Quelques ajustements permettraient de rendre notre dispositif plus efficace. Comme vous le savez, la HATVP ne dispose pas d'un pouvoir de sanction administrative. À ce titre, l'ancien Premier Ministre avait précédemment confié une mission au Conseil d'État afin de faire le point sur les pouvoirs d'enquête et de sanction de l'ensemble des autorités administratives. Le rapport devrait paraître d'ici au mois d'avril. Peut-être le Conseil d'État formulera-t-il des propositions en ce sens.

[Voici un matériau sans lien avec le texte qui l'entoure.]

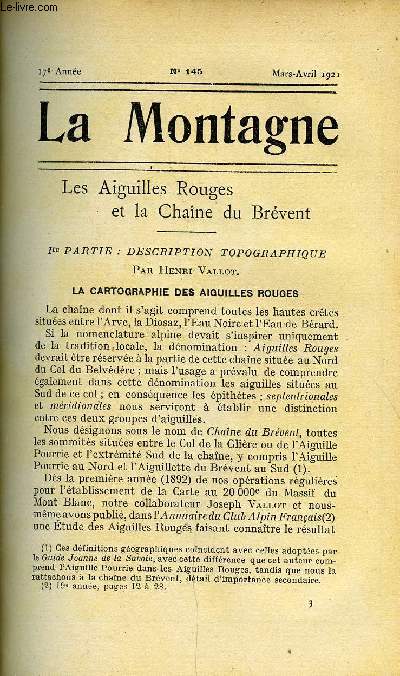 LA MONTAGNE 17e ANNEE N145 - Les Aiguilles Rouges et la chaine du Brvent par Henri Vallot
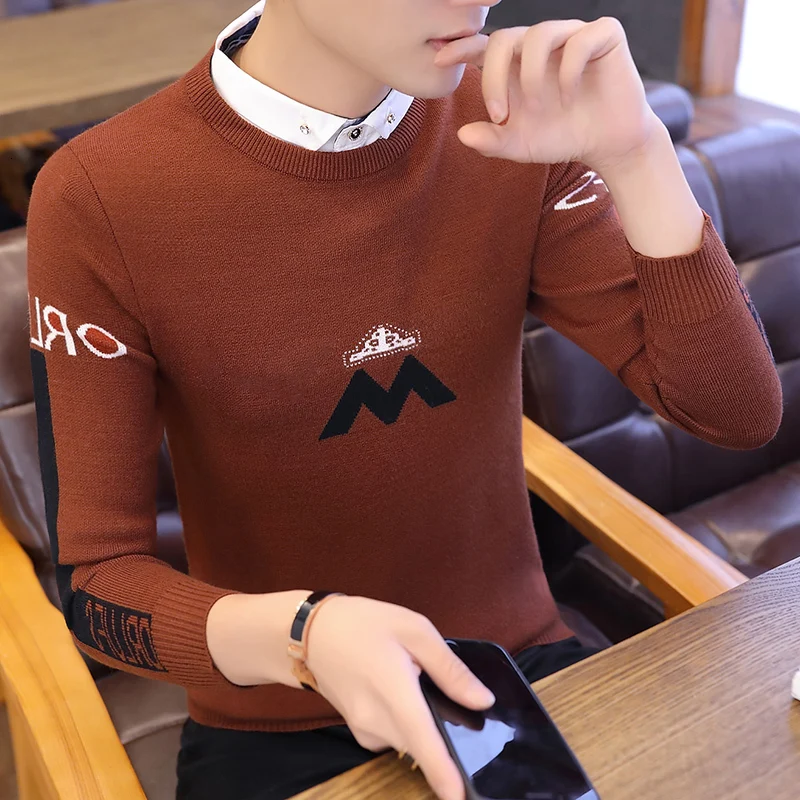UYUK2019 Autumn And Winter Models Casual Fashion Trend Slim High Quality Pullover Knit Letters Embroidery Men's  Sweaters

Le dispositif pourrait également renforcer sa cohérence en intégrant dans son champ de compétences le contrôle de mobilité public-privé des magistrats de l'ordre judiciaire et des militaires, lesquels se trouvent actuellement dans une situation dérogatoire. Or tous les agents de l'État devraient être soumis aux mêmes règles de contrôle, selon moi.

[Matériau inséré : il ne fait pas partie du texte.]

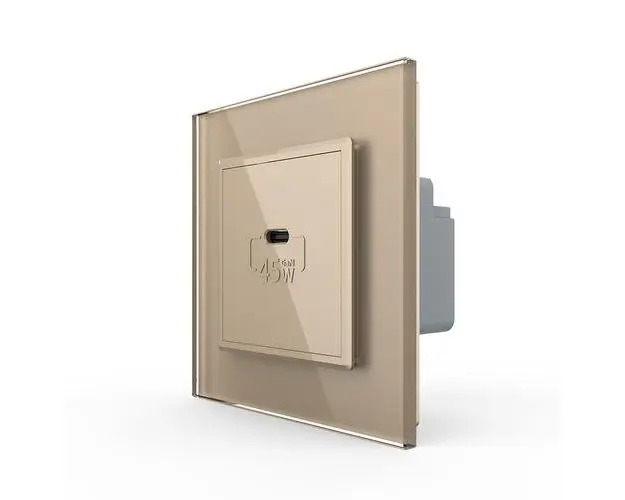 Priza USB Tip C Livolo cu Rama din Sticla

Ce bilan est complété par quelques données chiffrées relatives aux autres missions de la HATVP qui concourent à l'amélioration de l'intégrité et de la probité publiques, dont le contrôle du lobbying et des représentants d'intérêts. Grâce au travail de relance de nos services, plus de 90 % des 1 734 représentants d'intérêts inscrits à notre répertoire et dont l'exercice comptable se clôturait au 31 décembre 2020 ont déclaré leurs activités. Ce taux est en progression par rapport à 2019. Il s'accompagne d'une nette amélioration de la qualité des informations transmises. Cependant, ce taux nécessite un effort conséquent de relance, lequel concerne également les élus locaux. En effet, la déclaration spontanée n'est pas encore intégrée dans les pratiques.

À cet égard, l'année 2020 a été marquée par les élections municipales et communautaires, lesquelles ont entraîné le dépôt des déclarations de 2 000 maires et élus adjoints aux maires et de 2 800 présidents et vice-présidents d'EPCI au titre de la fin, du début ou de la poursuite de leurs mandats. À compter de la semaine prochaine, les citoyens pourront savoir si leurs élus se sont acquittés de leurs obligations déclaratives publiques grâce à l'inscription d'une mention spécifique. Enfin, en matière de contrôle, plus de 1 700 situations de responsables publics ont été examinées par notre collège.